_WORK ORDER:_
Write out the lines below once more, exactly as they appear. Do not include pictures.
Start of PROVIDED DATA
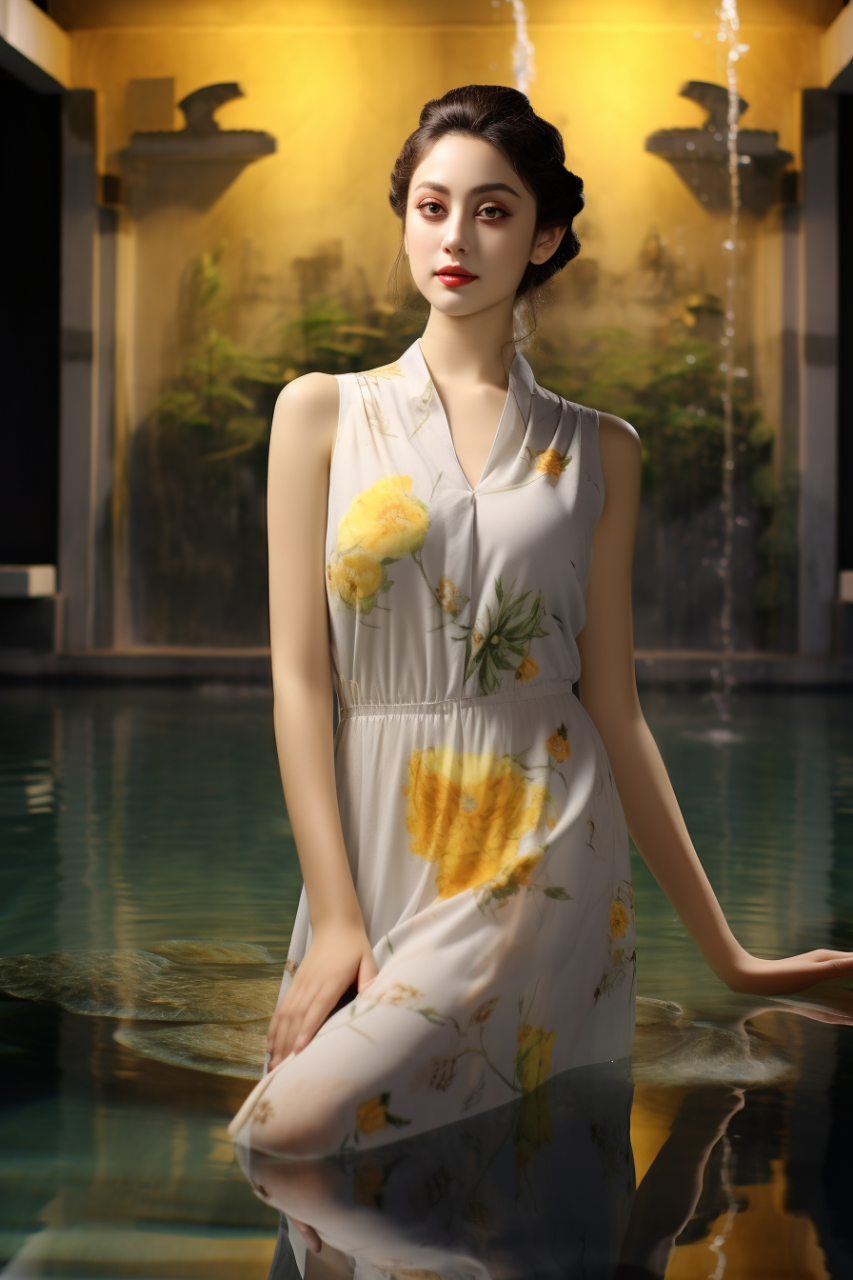 Midjourney 黄色连衣裙美女关键词prompt分享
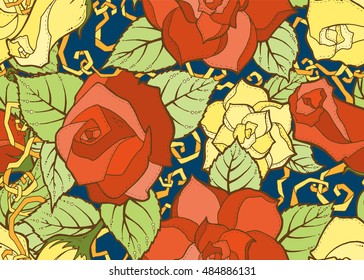 Ornamental seamless ethnic colorful pattern with roses. Floral background can be used for wallpaper, pattern fills, textile, fabric, wrapping, surface textures.
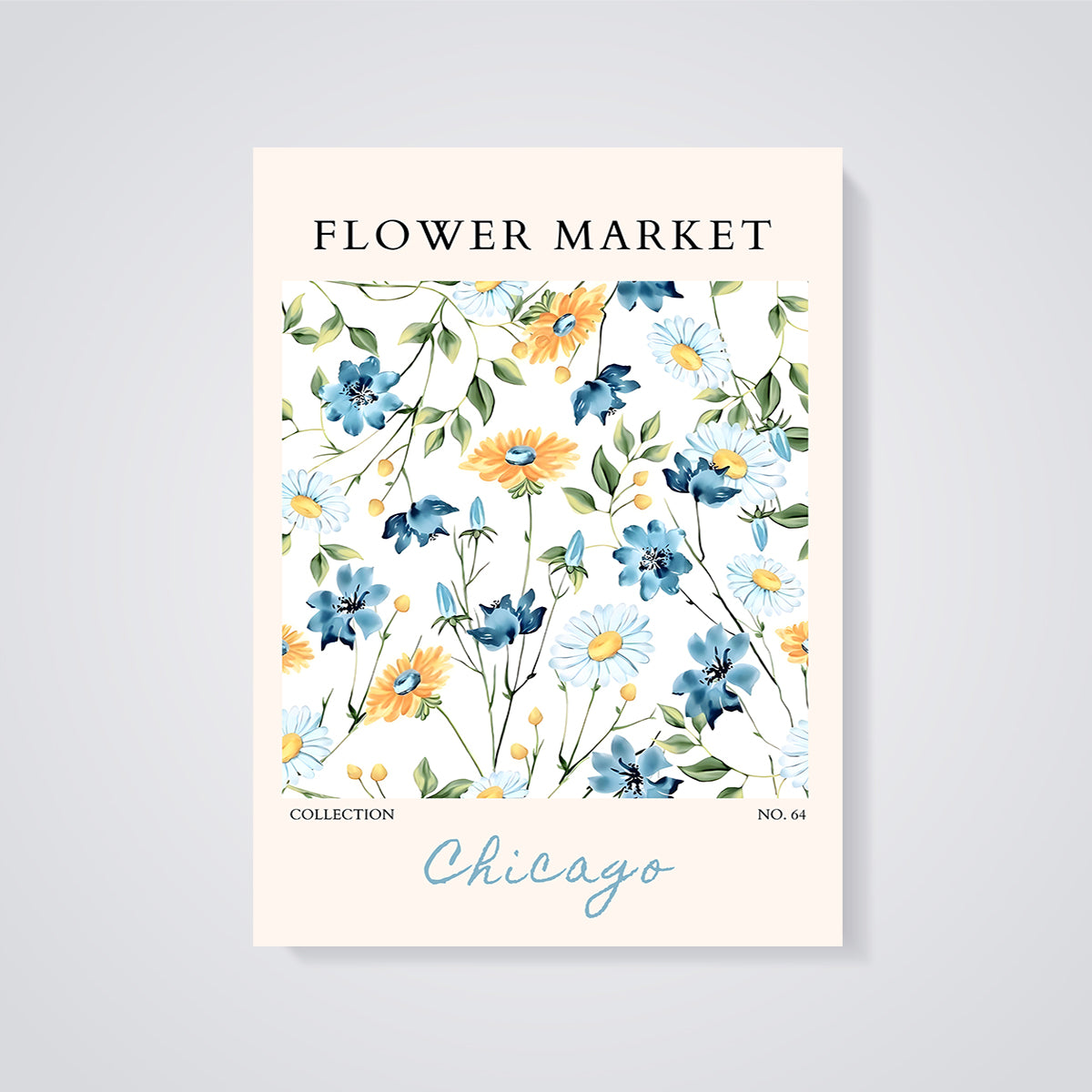 Flower Market Chicago Floral Print unframed on a grey background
End of PROVIDED DATA
_RESPONSE TO THE TASK:_
 Midjourney 黄色连衣裙美女关键词prompt分享
 Ornamental seamless ethnic colorful pattern with roses. Floral background can be used for wallpaper, pattern fills, textile, fabric, wrapping, surface textures.
 Flower Market Chicago Floral Print unframed on a grey background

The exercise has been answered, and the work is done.